Dieses Auto geht mir nicht mehr aus dem Kopf. Ich bin kein „Petrol Head“, kein „Car Guy“, keiner, dem Autos die Welt bedeuten. Dabei habe ich viele besondere Autos gefahren, bin in Luxuslimousinen und Supersportwagen gesessen, habe mich mit Prototypen und Concept Cars beschäftigt, habe selber ein paar spezielle Autos besessen, habe den Glanz in den Augen der Entwickler und Designer gesehen, wenn sie von ihrem „Baby“ gesprochen haben. Manches Modell hat mich fasziniert, manches enttäuscht, viele haben mich gelangweilt. Ich mag Autos und bin immer ein bisschen aufgeregt, wenn ich in eines steigen kann, das ich noch nicht kenne. Ob klein oder groß, ob teuer oder günstig: ich bin immer neugierig darauf, was mich erwartet. Aber nie mit der Haltung übersättigter Vielreisender, denen nie ein Strand schön genug ist, weil sie doch „damals an jenem noch aufregenderen Strand mit dem wirklich allerallerallerfeinsten weißen Sand“ waren.

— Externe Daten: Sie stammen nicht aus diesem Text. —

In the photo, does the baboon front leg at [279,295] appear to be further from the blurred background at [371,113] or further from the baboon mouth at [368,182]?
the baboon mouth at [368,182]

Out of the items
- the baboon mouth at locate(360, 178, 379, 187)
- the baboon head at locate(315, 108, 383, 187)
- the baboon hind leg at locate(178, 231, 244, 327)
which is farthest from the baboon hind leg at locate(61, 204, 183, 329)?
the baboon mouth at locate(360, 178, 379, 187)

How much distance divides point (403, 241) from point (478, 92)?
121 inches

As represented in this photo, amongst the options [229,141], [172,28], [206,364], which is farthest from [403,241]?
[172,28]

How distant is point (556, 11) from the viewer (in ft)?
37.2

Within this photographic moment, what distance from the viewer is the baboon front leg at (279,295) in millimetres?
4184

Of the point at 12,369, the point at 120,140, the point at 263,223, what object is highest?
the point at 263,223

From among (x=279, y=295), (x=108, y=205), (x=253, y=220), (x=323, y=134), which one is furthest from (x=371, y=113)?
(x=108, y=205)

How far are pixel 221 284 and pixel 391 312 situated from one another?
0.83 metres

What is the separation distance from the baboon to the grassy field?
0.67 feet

Eine Testfahrt im ersten Range Rover von 1970

Wenige, ganz wenige Autos haben sich auf dieser langen Reise nicht nur in meinen Kopf geschlichen, sondern darin auch ein Eckchen gefunden, in dem sie für immer bleiben konnten. So ein Erinnerungs-Eckchen besetzt der Moment, als ich das erste Mal einen Range Rover sah: diese nie zuvor gesehene, schnurgerade, flache Motorhaube. Eine Verheißung der Zukunft, konsequent, grafisch, schnörkellos. Eine Skulptur. Ein Statement. Leider für mich damals unbezahlbar. Aber eines Tages …
Jetzt steht er da, in seinem extravaganten Siebzigerjahre-Blau. Und ich hinterm Steuer. Der erste Range Rover aller Zeiten. Das Fahrzeug, das damals Held des Promotion-Videos war. Range Rover hat es aus dem Museum geholt. Wieder zum Fahren gebracht. Nicht museal totrestauriert. Ein Auto, das vieles gesehen und erlebt hat. Ich drehe eine Runde auf einer Schotterstraße. Nicht wirklich offroad, aber immerhin. Es ist ein Genuss. Handschaltung, natürlich. Ein Rechtslenker. Vorsichtig schalte ich hoch, gar nicht so einfach, den nächsten Gang zu finden, wenn man es gewohnt ist, das mit der rechten Hand oder gar nicht mehr zu tun. Zweiter, dritter, vierter Gang. Eine Linkskurve, eine Steigung, eine Rechtskurve. Keine wirkliche Herausforderung, aber ich will diesem Museumsstück auch nicht wehtun. Alles geht so easy. So selbstverständlich. Dann rollt der Wagen aus. Ein Traum hat sich erfüllt.
Range Rover Electric kommt auf den Markt

Und wird von einem neuen, sehr realen Traum abgelöst. 55 Jahre und mindestens einen Quantensprung weiter. Da steht der Range Rover Electric. Das erste vollelektrische Fahrzeug der britischen Nobelmarke. Die Verwandtschaft ist unverkennbar. Die lange, flache Motorhaube, die leicht angeschrägte Heckscheibe. Absolut zeitgemäß. Erst da erkennt man wirklich, wie modern der Range Rover von 1970 designt ist. Eine Form, die fünfeinhalb Jahrzehnte überdauert hat und immer noch frisch ist. Wo gibt’s das sonst noch? Vielleicht bei einer 0,2er-Colaflasche.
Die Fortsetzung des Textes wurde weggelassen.